▶ EXERCISE DESCRIPTION
Please restate word for word all lines from the one containing "Amazon dress" to the final line of the entries, and include no pictures.

Captioned web image data:
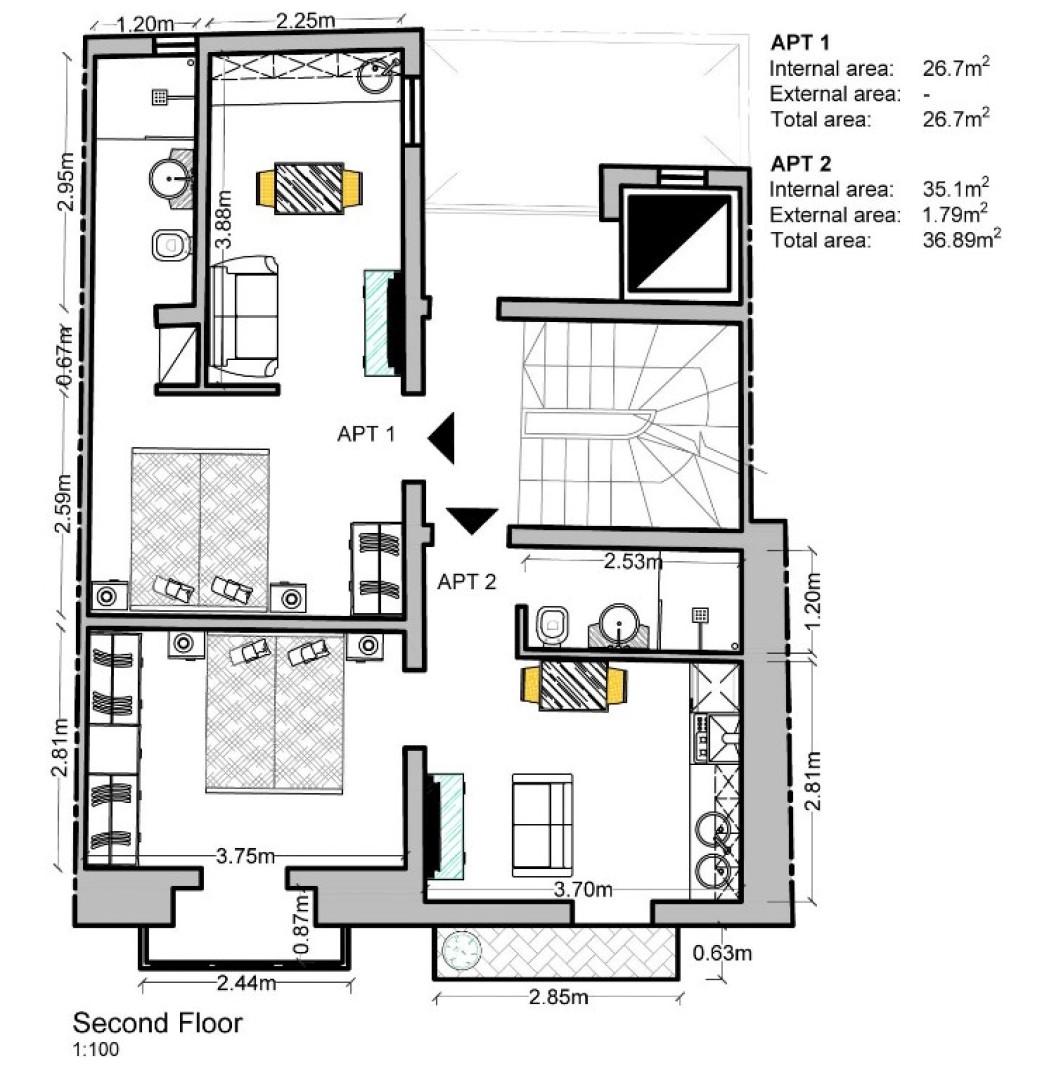 Residential Block  In Prime Location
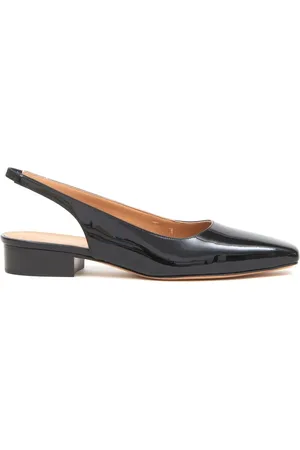 Maison Margiela Chaussures en cuir Barbs à bride arrière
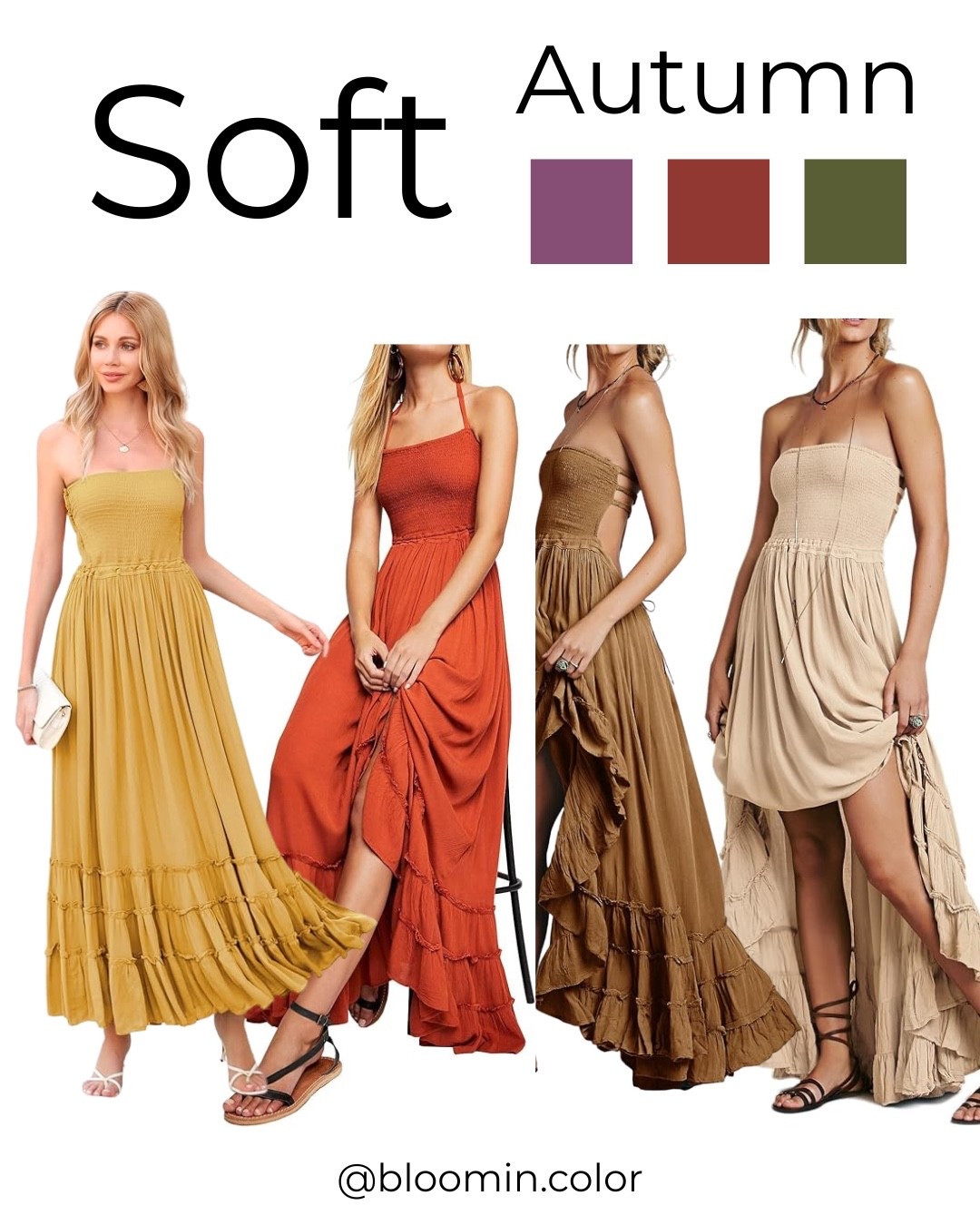 Amazon dress 
Perfect for date night , family pictures, beach vacations 

Soft Autumn 
Autumn color palette 

Fits TTS!  I wore for my beach family pictures! 

#LTKSeasonal #LTKFindsUnder50 #LTKStyleTip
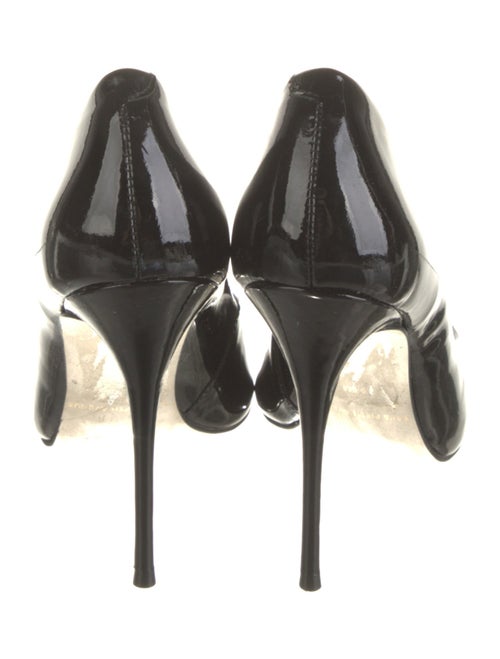 Saks Fifth Avenue Patent Leather Pumps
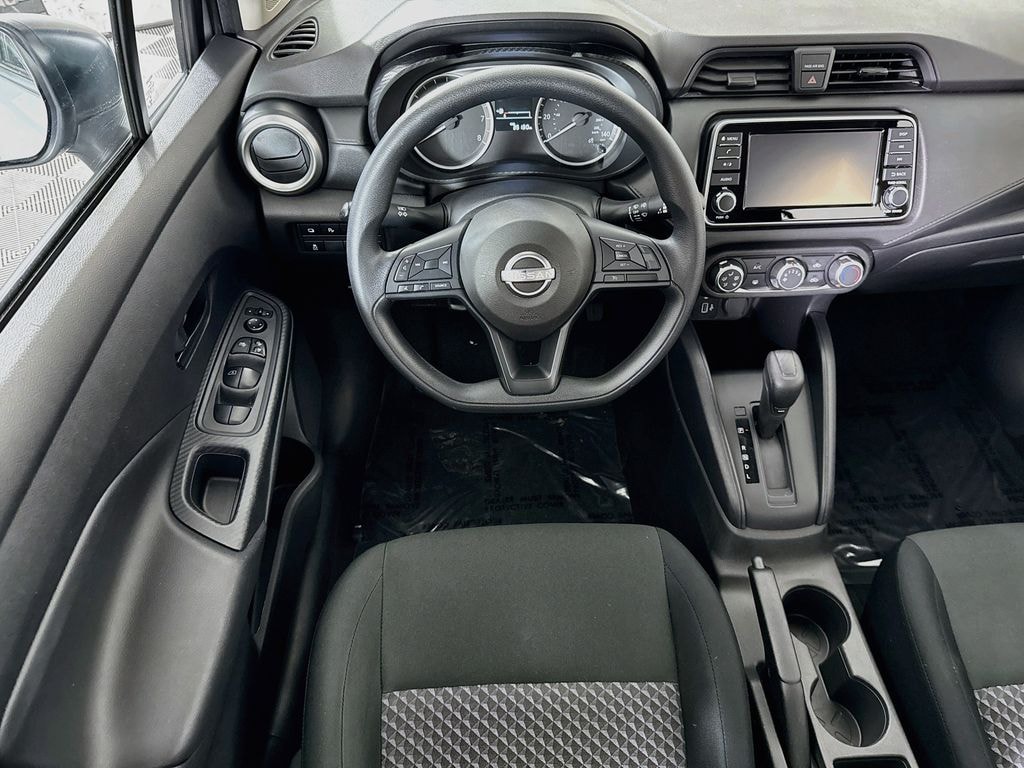 Certified 2024 Nissan Versa 1.6 S Sedan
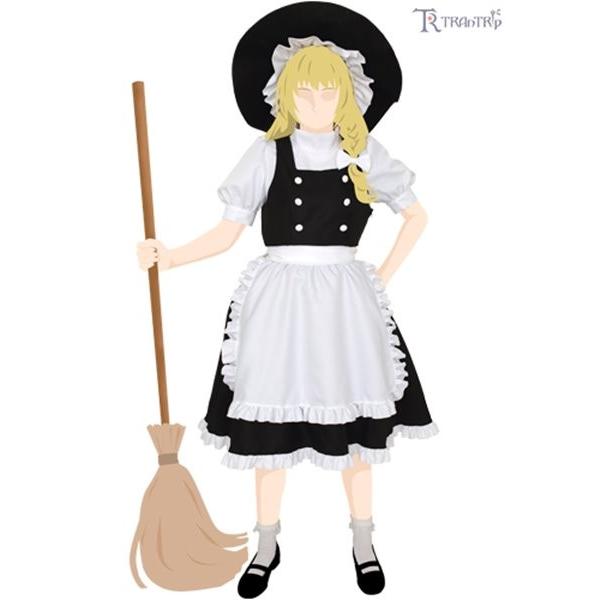 東方Project 霧雨魔理沙コスチュームセット／Ladies'L / トラン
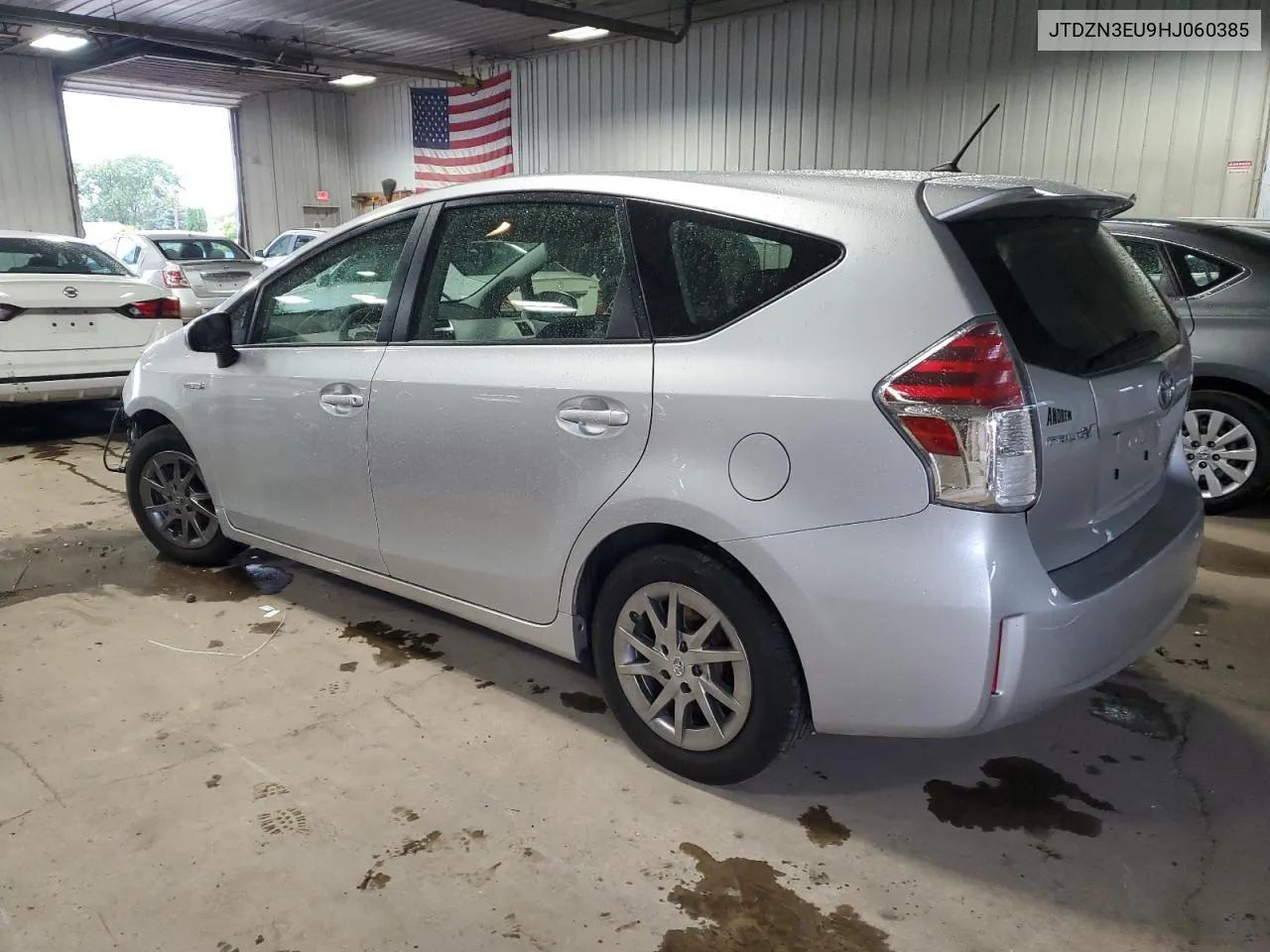 2017 Toyota Prius V VIN: JTDZN3EU9HJ060385 Lot: 72547954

▶ OUTPUT
 Amazon dress 
Perfect for date night , family pictures, beach vacations 

Soft Autumn 
Autumn color palette 

Fits TTS!  I wore for my beach family pictures! 

#LTKSeasonal #LTKFindsUnder50 #LTKStyleTip
 Saks Fifth Avenue Patent Leather Pumps
 Certified 2024 Nissan Versa 1.6 S Sedan
 東方Project 霧雨魔理沙コスチュームセット／Ladies'L / トラン
 2017 Toyota Prius V VIN: JTDZN3EU9HJ060385 Lot: 72547954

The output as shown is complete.